You may also know that it was a lie.
https://www.newsweek.com/springfield-woman-erika-lee-haitians-eating-pets-rumor-speaks-out-1953851
The Newsweek article details that. It follows the traditional path of urban legends. Someone says it happened to their friend, but when you track that down, no, the friend says it was someone they knew, and descending levels produce no credible source.
What may be less known is that economically depressed Springfield has started recovering. This includes manufacturing jobs, many of which are staffed by Haitian immigrants. Immigration does tend to improve the economy, but increased population also increases rent.
It is not unusual for people to blame immigrants for taking their jobs, but an unlicensed immigrant hit a school bus, killing an 11-year old boy. From that time, there has been more bad feelings about and organization against the immigrants. That was the seedbed for the lies about the pets. The boy's father recently spoke against this:
Then, of course, you get bomb threats and parents keeping their children home from school, and apparently the KKK recruiting in Springfield and calling for mass deportation.
Well, I should clarify the timeline there. The Klan recruiting is older, but appears to coincide with the beginnings of the anti-immigrant furor. The bomb threats are new, associated with the debate and the push back.
I have seen church members swearing that the stories are true, but JD Vance -- who spread the stories -- now admits that they are false. He justifies it as a way to draw attention to human suffering.
https://www.theguardian.com/us-news/2024/sep/15/jd-vance-lies-haitian-immigrants
Speaking honestly about true suffering might do something good; these lies are actually creating suffering. To that I can only add that I doubt that Vance has any interest in doing good, based on his past record and associates.
(I feel such a strong impulse to use the word "douchebag" here. Weird.)
That is all just prelude anyway. What I really want to write about is this phase in between, when people who knew the lies were lies had fun with the ridiculousness of the lies. They marked their pets safe and shared pictures of Santa's Little Helper from The Simpsons, and showed photos of pets escaping or being hugged.
I kept getting gradually more irritated with it. I understand no harm was meant, but it is on the path to the bomb threats, not that I knew that was specifically what would happen.
People have been referencing all of the anti-Mexican speech during Trump's first run, and the El Paso shooting.

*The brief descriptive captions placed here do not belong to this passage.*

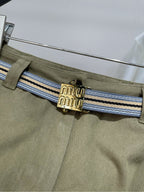 MIUMIU SPLIT HEM CROPPED PANTS 269932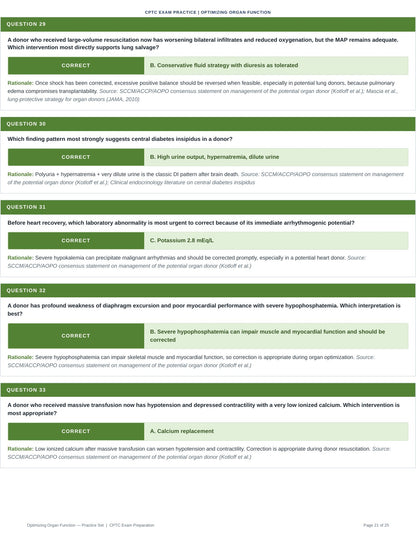Donor Management and Optimization (Part 2) -Optimizing Organ Function - 50 CPTC Practice Questions (July 2026 Edition)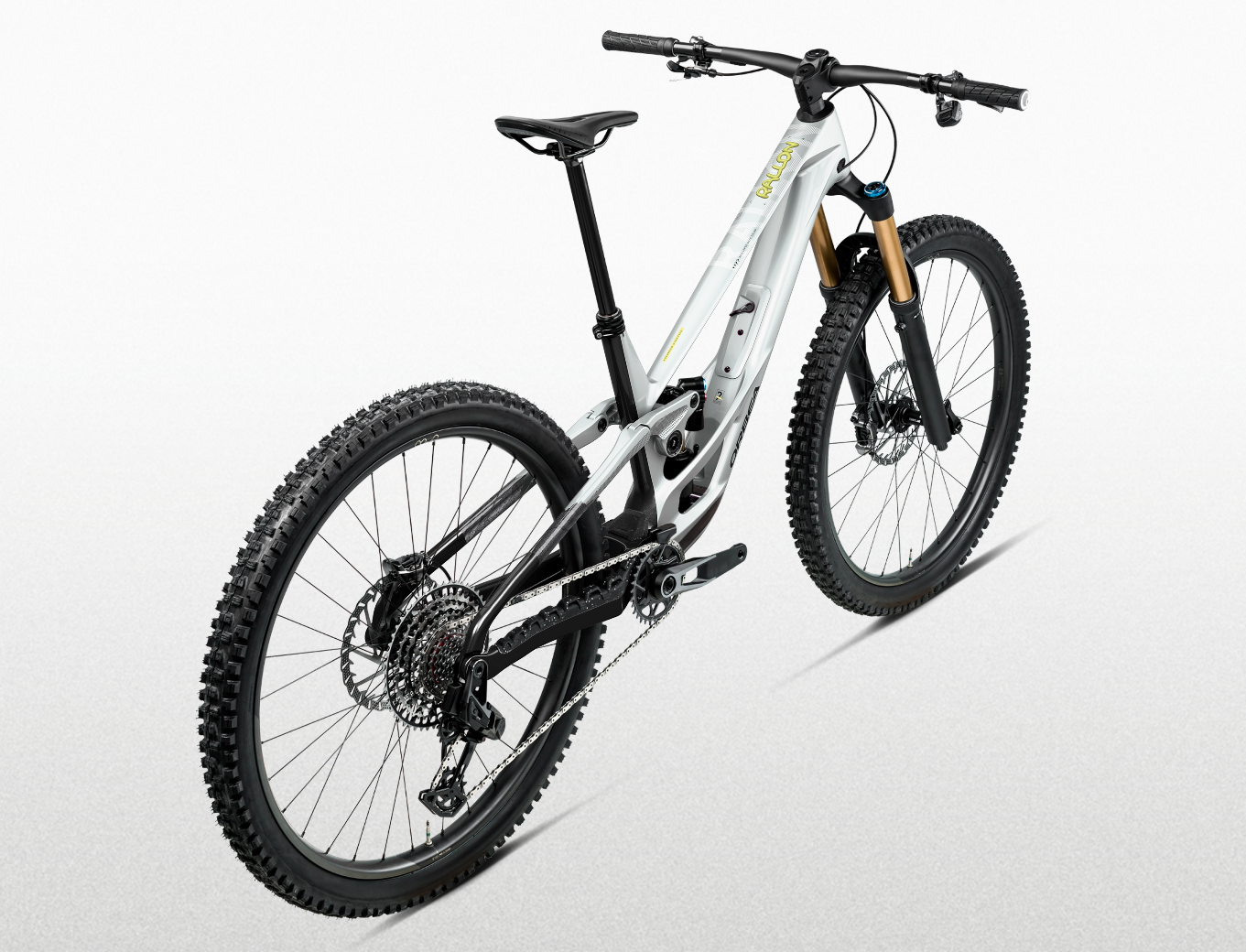 Orbea RALLON E10 White Chic - Diamond Black (Brillant)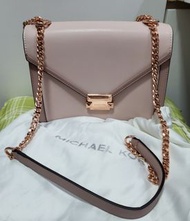 Michael Kors Whitney大翻盖单肩包-粉色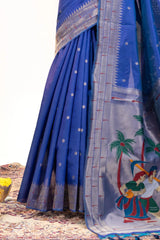 Akha Trij Meena Weaving Paithani Saree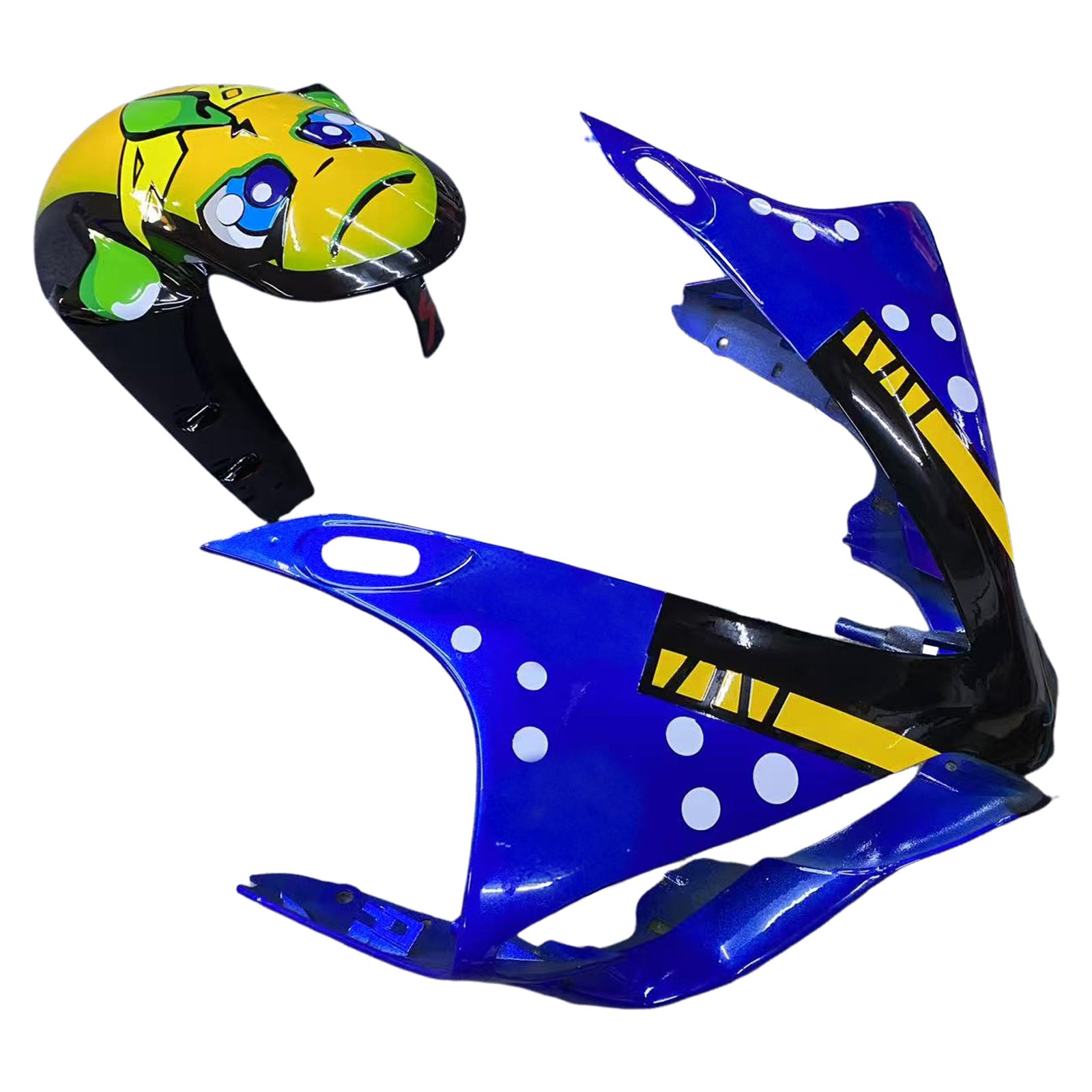 Amotopart 2007-2008 Yamaha YZF 1000 R1 Blue&Yellow Shark Teeth Fairing Kit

https://x.com/dk_stephan/status/1835063146710503566
No, not everyone lashes out with a gun, but it happens on a regular basis, and it tends to happen against marginalized groups.
Other names may be coming to mind. You may be thinking of Uvalde, or the Tree of Life synagogue or Mother Emanuel AME or Buffalo. If it were getting more publicity, you might be thinking about the Black men who are ending up hung from trees and being ruled suicides, which doesn't seem right.

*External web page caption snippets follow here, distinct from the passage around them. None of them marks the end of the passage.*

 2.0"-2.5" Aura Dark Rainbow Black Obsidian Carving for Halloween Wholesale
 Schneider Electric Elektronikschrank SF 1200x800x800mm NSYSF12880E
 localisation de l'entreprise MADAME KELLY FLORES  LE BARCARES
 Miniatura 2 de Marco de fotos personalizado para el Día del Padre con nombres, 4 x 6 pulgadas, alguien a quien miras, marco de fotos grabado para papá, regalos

Is the intent of the jokes to make fun of Trump being stupid? Definitely.
There are also a lot of angry people out there. Some of them might get angrier the more people make it a joke.
Now I am going to give an example of my humor:
Our very exclusive group is Cat Ladies Named Harris for Harris.
That is riffing on something stupid said by Vance.
It relates to marginalization, in that in many ways we are still subject to patriarchy, meaning not only that women earn less, are more objectified, and have their right violated more frequently, but also that there is a stigma against unmarried women left not chosen by a man.
It also comes from a place of privilege. I am a woman, but I am white, we own a home, and we have a larger community that rejects the stigma on being unmarried. (That is not our church community, but there is some crossover.)
I see examples of men hurting and disrespecting women daily, so I am aware of that, but I am largely shielded from it.
Mostly, I applied that label to myself, subverting it. If someone else who truly thought less of me applied it, that could feel different.
There are definitely people out there who don't think I should be able to vote (though more for being a woman than for being unmarried; I just deserve to be unmarried because I am fat).
I may be thinking about this more because I am doing some reading on internet usage by George Takei. While he understood what was harmful about making tsunami jokes in 2011, he will often defend other jokes as just being good fun, focusing on the necessity of free speech and humor.
Things can be important that are not directly connected to you. Perhaps that is because we truly are all connected.
I guess the main thing I want to encourage is viewing the bigger picture.
If people are spreading hate against Haitian people, it doesn't matter whether it is ridiculous, it is still hate and hate still has a hungry audience.
It would be nice if humor could dilute that hate, but I have no reason to believe that it works.
Therefore, the most important thing is to refute it.